---- Excerpted data

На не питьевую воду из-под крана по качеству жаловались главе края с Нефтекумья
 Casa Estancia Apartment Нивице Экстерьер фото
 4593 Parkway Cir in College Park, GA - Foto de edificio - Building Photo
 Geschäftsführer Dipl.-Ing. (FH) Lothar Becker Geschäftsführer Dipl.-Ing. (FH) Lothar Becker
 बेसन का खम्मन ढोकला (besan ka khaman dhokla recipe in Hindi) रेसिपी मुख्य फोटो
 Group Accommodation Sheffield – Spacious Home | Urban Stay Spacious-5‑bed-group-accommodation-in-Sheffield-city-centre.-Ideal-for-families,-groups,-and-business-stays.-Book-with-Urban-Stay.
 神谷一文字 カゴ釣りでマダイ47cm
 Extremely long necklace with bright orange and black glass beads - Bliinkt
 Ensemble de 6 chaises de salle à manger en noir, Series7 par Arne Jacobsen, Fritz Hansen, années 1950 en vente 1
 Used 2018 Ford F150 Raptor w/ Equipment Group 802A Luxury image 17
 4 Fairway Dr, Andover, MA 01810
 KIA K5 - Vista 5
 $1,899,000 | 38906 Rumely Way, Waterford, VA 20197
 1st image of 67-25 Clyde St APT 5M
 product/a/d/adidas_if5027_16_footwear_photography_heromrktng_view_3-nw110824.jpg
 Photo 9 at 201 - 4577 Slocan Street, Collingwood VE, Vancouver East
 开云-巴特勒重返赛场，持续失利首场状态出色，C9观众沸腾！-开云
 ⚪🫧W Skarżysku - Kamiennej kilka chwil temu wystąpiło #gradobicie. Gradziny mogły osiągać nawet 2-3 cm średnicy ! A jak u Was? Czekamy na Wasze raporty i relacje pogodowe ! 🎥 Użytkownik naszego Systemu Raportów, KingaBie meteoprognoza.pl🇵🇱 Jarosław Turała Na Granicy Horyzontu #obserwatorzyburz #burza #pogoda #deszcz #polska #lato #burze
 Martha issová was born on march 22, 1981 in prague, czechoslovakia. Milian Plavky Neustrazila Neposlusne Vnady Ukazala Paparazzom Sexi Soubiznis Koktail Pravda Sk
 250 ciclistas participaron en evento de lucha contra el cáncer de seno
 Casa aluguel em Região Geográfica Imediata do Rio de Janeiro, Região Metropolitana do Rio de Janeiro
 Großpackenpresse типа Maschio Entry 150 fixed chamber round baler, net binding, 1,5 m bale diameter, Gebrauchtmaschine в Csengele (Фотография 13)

--------

■ Brief: Check each line of the entries above, and show every one holding the word "with".

■ Written reply:
 Group Accommodation Sheffield – Spacious Home | Urban Stay Spacious-5‑bed-group-accommodation-in-Sheffield-city-centre.-Ideal-for-families,-groups,-and-business-stays.-Book-with-Urban-Stay.
 Extremely long necklace with bright orange and black glass beads - Bliinkt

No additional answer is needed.